Russia has massed around 120,000 soldiers on the border with Ukraine. The West sees this as preparation for a possible invasion, which the government in Moscow denies. It demands security guarantees such as the withdrawal of NATO troops from member countries in Eastern Europe and a pledge that Ukraine will never be included in the Western defense alliance. NATO and its largest member, the United States, reject this, but have offered Russia talks on arms control. Russian President Vladimir Putin described the written responses from the US and NATO as insufficient. But he was still ready for dialogue.
Le Drian and Baerbock travel to Ukraine
Several Western politicians announced that talks with Russia and Ukraine would continue. According to his office, British Prime Minister Boris Johnson is planning a telephone call with Putin in the new week. Johnson will ask Putin to get involved through diplomatic channels. French Foreign Minister Jean-Yves Le Drian and his German counterpart Annalena Baerbock have announced a joint trip to Ukraine. This is planned for February 7th and 8th, said Le Drian, whose country holds the EU Council Presidency. Together with Russia and Ukraine, both countries form the so-called Normandy format to resolve the conflict in eastern Ukraine.
While the United States announced that it would be strengthening its troops in NATO territory in Eastern Europe, the military alliance once again ruled out a combat mission in Ukraine.

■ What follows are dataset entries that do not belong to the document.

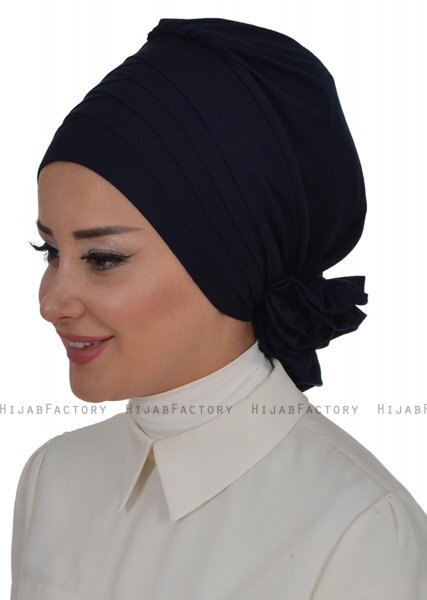 Monica - Turbante De Algodón Azul Marino - Ayse Turban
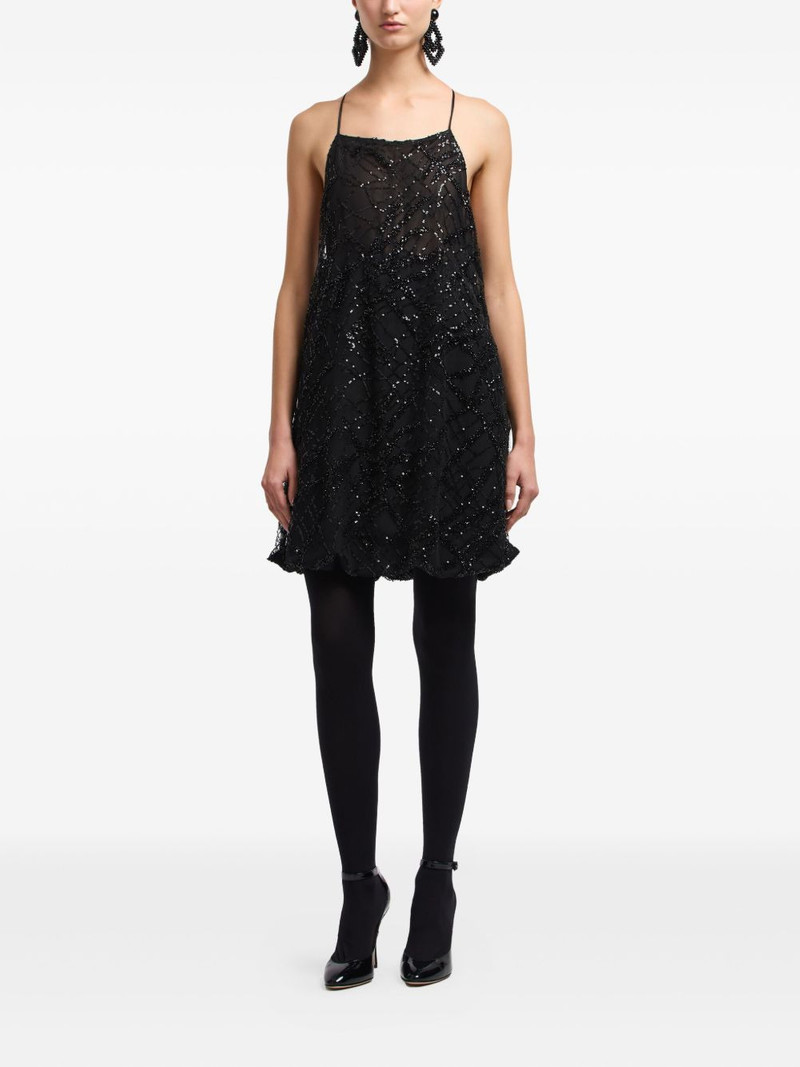 EMPORIO ARMANI sequin-embellished backless mini dress outlook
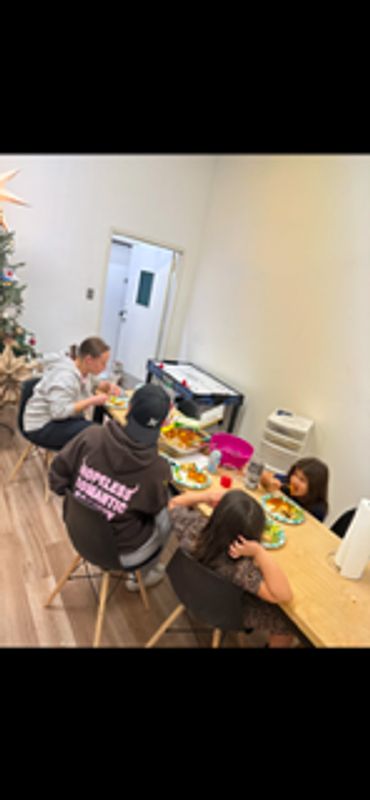 Having Christmas Dinner and Celebrating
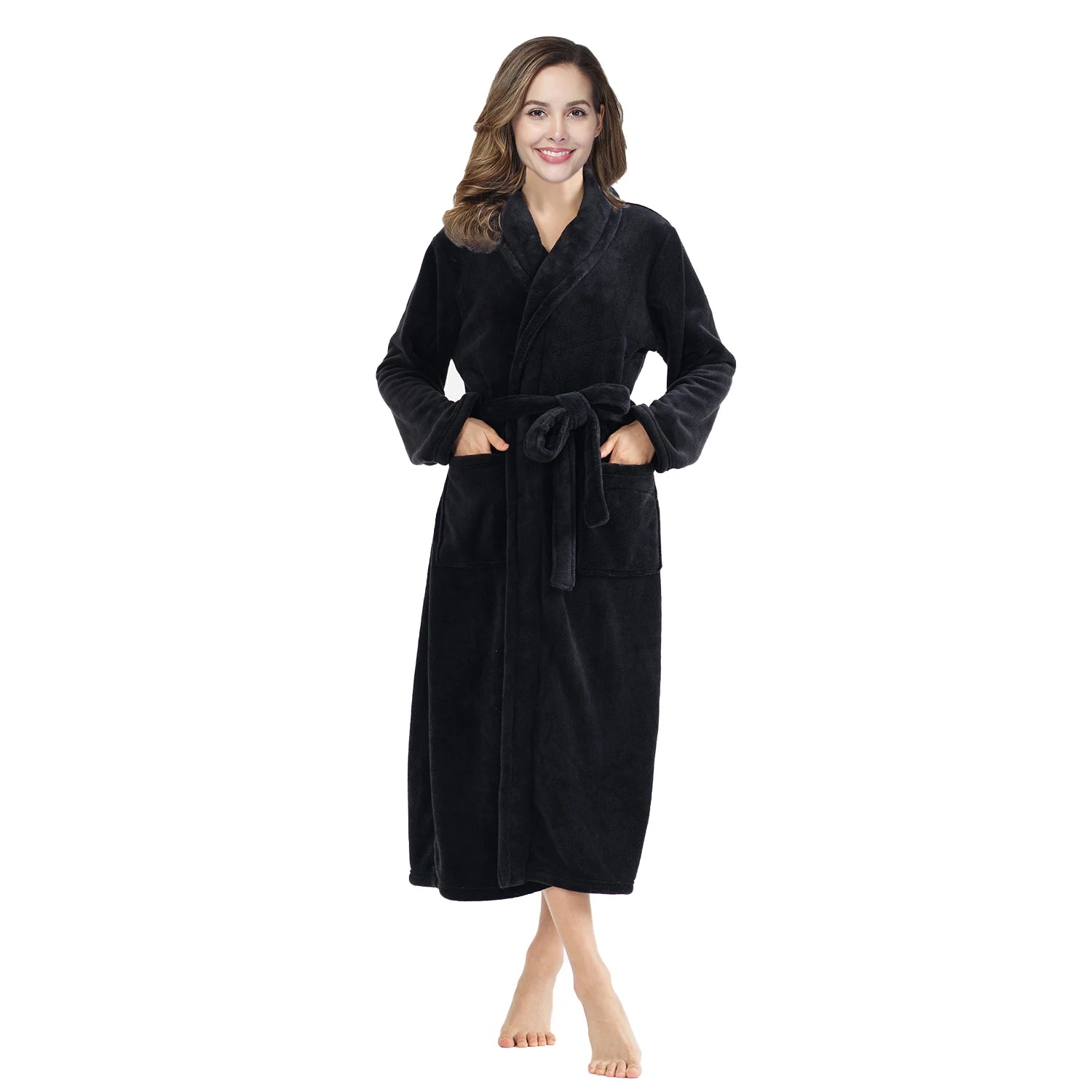 Roupão Feminino LOVE – Plush Macio com Gola Xale | Inverno | Manga Longa | Homewear Aconchegante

US President Joe Biden said on Friday (local time) that he wanted to move US troops to Eastern Europe and NATO countries “in the foreseeable future”. NATO Secretary General Jens Stoltenberg confirmed on Sunday that there are no plans to deploy combat-ready Alliance soldiers in Ukraine. “There is a difference between being a member of NATO and a strong and valued partner like Ukraine. There is no doubt about that.” Stoltenberg called on European countries to reduce their dependence on Russian gas. Being too dependent on one supplier makes Europe vulnerable.
Federal Finance Minister Christian Lindner confirmed that Russia would have to reckon with sanctions in the event of an attack. “It must be clear to the Kremlin that a breach of international law and an escalation would be answered with iron consistency,” said the FDP chairman to the “Spiegel”.